MATERIAL FOR THIS TASK section start

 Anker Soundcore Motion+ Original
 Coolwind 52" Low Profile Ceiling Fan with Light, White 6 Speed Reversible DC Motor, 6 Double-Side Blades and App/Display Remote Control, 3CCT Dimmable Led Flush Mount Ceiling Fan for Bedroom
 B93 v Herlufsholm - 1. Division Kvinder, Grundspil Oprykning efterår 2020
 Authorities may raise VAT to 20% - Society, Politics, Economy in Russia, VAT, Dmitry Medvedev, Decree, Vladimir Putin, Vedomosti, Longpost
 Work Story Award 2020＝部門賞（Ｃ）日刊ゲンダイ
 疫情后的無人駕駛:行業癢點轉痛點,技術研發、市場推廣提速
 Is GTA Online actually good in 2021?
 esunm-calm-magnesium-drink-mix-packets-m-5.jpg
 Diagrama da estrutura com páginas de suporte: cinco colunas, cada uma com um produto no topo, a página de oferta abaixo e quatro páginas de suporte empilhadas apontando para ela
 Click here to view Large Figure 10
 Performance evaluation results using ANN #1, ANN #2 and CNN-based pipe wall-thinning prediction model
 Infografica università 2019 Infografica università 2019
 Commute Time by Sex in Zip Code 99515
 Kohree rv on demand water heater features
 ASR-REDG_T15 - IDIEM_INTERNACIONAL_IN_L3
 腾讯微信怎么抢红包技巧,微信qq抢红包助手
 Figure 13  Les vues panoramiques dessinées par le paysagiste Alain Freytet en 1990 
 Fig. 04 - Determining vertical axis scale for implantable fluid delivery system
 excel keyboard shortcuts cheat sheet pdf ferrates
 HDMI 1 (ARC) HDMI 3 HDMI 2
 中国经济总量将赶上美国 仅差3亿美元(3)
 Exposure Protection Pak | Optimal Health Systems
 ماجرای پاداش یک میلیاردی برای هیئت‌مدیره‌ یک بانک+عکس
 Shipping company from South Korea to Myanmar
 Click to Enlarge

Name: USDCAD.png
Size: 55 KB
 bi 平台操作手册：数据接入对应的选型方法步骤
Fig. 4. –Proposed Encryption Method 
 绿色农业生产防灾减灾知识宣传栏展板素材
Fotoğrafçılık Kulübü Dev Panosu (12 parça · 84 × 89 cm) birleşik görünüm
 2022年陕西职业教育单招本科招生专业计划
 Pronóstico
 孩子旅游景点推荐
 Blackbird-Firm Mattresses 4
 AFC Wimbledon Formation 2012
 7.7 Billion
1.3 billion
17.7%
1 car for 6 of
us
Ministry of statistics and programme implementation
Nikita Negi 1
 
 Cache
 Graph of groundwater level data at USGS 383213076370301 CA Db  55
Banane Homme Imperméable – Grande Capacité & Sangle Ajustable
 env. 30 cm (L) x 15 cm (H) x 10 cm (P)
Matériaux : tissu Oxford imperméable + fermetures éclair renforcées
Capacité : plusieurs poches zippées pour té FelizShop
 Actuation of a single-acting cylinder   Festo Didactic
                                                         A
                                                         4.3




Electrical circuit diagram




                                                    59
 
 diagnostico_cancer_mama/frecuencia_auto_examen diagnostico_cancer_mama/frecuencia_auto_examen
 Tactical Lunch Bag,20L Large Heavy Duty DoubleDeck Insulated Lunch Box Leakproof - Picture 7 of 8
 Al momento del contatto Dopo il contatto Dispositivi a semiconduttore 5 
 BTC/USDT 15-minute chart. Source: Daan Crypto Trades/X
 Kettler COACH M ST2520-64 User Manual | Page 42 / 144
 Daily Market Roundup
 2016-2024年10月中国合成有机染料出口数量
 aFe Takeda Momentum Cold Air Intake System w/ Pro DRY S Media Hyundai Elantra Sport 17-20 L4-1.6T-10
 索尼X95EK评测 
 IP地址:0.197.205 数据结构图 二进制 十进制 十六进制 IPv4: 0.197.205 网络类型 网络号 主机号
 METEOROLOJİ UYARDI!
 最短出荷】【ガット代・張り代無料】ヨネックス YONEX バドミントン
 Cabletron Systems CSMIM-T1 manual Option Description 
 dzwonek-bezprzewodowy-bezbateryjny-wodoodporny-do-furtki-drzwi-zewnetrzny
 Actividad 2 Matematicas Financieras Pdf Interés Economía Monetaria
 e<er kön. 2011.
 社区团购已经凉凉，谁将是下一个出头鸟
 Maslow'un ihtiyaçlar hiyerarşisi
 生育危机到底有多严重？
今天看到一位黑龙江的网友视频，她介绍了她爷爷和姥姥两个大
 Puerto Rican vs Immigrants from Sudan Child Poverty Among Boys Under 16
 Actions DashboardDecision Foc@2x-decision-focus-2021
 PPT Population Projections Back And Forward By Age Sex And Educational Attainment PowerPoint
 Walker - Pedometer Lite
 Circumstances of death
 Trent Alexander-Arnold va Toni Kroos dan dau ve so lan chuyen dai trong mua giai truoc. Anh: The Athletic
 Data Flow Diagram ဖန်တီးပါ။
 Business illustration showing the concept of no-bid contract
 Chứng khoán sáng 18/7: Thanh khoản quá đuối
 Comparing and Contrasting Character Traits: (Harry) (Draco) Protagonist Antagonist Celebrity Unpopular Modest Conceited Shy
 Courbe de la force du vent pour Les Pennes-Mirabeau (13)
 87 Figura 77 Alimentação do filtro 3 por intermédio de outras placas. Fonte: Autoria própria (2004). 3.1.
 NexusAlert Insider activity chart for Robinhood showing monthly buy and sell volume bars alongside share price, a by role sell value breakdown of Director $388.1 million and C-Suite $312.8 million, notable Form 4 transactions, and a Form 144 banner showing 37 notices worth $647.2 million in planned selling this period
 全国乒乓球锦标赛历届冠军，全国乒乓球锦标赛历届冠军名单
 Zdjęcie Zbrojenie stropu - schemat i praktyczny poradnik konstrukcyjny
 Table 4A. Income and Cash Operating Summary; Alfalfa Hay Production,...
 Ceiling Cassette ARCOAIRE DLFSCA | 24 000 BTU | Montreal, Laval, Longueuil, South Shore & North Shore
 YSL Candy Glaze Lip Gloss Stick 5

MATERIAL FOR THIS TASK section end

**WHAT IS REQUIRED**: Word for word, set down the lines from the beginning of the records through the line that holds "Exposure Protection Pak". Leave out the rest.

**TASK ANSWER**:
 Anker Soundcore Motion+ Original
 Coolwind 52" Low Profile Ceiling Fan with Light, White 6 Speed Reversible DC Motor, 6 Double-Side Blades and App/Display Remote Control, 3CCT Dimmable Led Flush Mount Ceiling Fan for Bedroom
 B93 v Herlufsholm - 1. Division Kvinder, Grundspil Oprykning efterår 2020
 Authorities may raise VAT to 20% - Society, Politics, Economy in Russia, VAT, Dmitry Medvedev, Decree, Vladimir Putin, Vedomosti, Longpost
 Work Story Award 2020＝部門賞（Ｃ）日刊ゲンダイ
 疫情后的無人駕駛:行業癢點轉痛點,技術研發、市場推廣提速
 Is GTA Online actually good in 2021?
 esunm-calm-magnesium-drink-mix-packets-m-5.jpg
 Diagrama da estrutura com páginas de suporte: cinco colunas, cada uma com um produto no topo, a página de oferta abaixo e quatro páginas de suporte empilhadas apontando para ela
 Click here to view Large Figure 10
 Performance evaluation results using ANN #1, ANN #2 and CNN-based pipe wall-thinning prediction model
 Infografica università 2019 Infografica università 2019
 Commute Time by Sex in Zip Code 99515
 Kohree rv on demand water heater features
 ASR-REDG_T15 - IDIEM_INTERNACIONAL_IN_L3
 腾讯微信怎么抢红包技巧,微信qq抢红包助手
 Figure 13  Les vues panoramiques dessinées par le paysagiste Alain Freytet en 1990 
 Fig. 04 - Determining vertical axis scale for implantable fluid delivery system
 excel keyboard shortcuts cheat sheet pdf ferrates
 HDMI 1 (ARC) HDMI 3 HDMI 2
 中国经济总量将赶上美国 仅差3亿美元(3)
 Exposure Protection Pak | Optimal Health Systems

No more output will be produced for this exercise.